Excellent. So I take it my switch will work.

Thanks for the confirmation, I just wanted to double check before I went and put it all together :D

kahel

The subject title is false. Let it be known to the world that there are powerful secret societies devoted to collecting stupid questions. There are streets filled with houses filled with rooms filled with shelves filled with volume upon volume of collected stupid questions. You may recognize members of these societies only by their smug smiles and slick palm recorders. It is their firm belief that when the time comes that genetic engineering has caused the world to be filled with only smart asses, they will own the only source of humor, and thus they'll be able to take over and rule the Earth. Consider yourself warned.

K

Processaurus

Its a good question.  I see a lot of peoples switching schemes that can be simplified by shorting out components, like cap switching where you want a big input cap and a little input cap, you can just put both in series and just short out the little one, because that is the bottleneck, not the bigger cap.

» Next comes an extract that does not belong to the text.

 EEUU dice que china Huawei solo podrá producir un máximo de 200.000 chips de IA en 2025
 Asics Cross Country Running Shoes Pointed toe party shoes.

Recently I was scratching my head on how to turn on an LED when I disconnected ground from something (footswitch was otherwise full), I finally realized I could just leave the LED cathode connected to ground full time (led on), and then short it out by connecting ground to the anode when I wanted it off.

Likewise anyone doing an LED that blinks to an LFO (like the EA trem), can turn it off when the effect is in bypass by shorting the LED out.

calculating_infinity

You know how they say you learn something new everyday...  Well here you learn something new at this forum a few times a each day you read it.  (at least for me)  Thanks for the info!